The 2011 Graeme Clark Oration, The Computational Brain, will be delivered by Professor Terrence J Sejnowski. Professor Sejnowski is a pioneer in computational neuroscience and his goal is to understand the principles that link brain mechanisms to behaviour.
His research has focused on the hippocampus, believed to play a major role in learning and memory, and the cerebral cortex, which holds our knowledge of the world and how to interact with it. His laboratory uses both experimental and modelling techniques to study the biophysical properties of synapses and neurons and the population dynamics of large networks of neurons. New computational models and new anlytical tools have been developed to understand how the brain represents the world and how new representations are formed through learning algorithms for changint the synaptic strengths of connections between neurons. He has published over 300 scientific papers and 12 books, including The Computational Brain, with Patricia Churchland.
He received his PhD in physics from Princeton University and was a postdoctoral fellow at Harvard Medical School. He was on the faculty at the Johns Hopkins University he now holds the Francis Crick Chair at The Salk Institute for Biological Studies and is also a Professor of Biology at the University of California, San Diego, where he is co-director of the Institute for Neural Computation and co-director of the NSF Temporal Dynamics of Learning Center. He is the President of the Neural Information Processing Systems (NIPS) Foundation, which organises an annual conference attended by over 1000 researchers in machine learning and neural computation and is the founding editor-in-chief of Neural Computation published by the MIT Press.

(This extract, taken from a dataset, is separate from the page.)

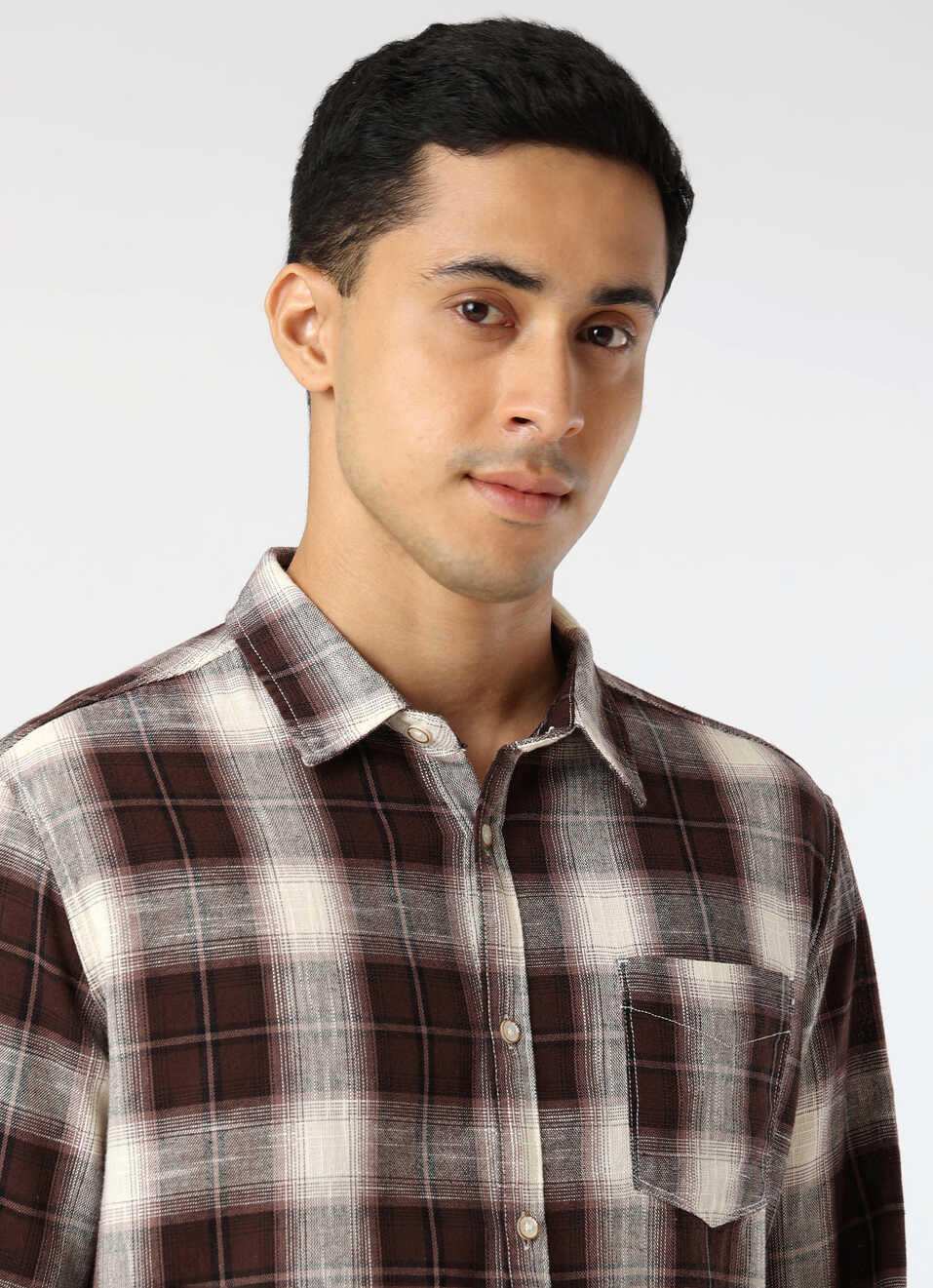 Men Brown Regular Fit Checked Casual Shirt, , large image number 4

An investigator with the Howard Hughes Medical Institute, he is also a fellow of the American Association for the Advancement of Science and the Institute of Electrical and Electronics Engineers. He has received many honors, including the Wright Prize for interdisciplinary research from Harvey Mudd College, the Neural Network Pioneer Award from the Institute of Electrical and Electronics Engineers and the Hebb Prize from the International Neural Network Society. He was elected to the Institute of Medicine in 2008 and to the Academy of Sciences in 2010.
The Oration, The Computational Brain, will explore:
- the workings of the brain;
- whether we are any closer to building artificial brains;
- how our understanding of the brain is transforming ideas about learning and education and the role of social robots; and
- brain behaviour in disorders such as autism and schizophrenia.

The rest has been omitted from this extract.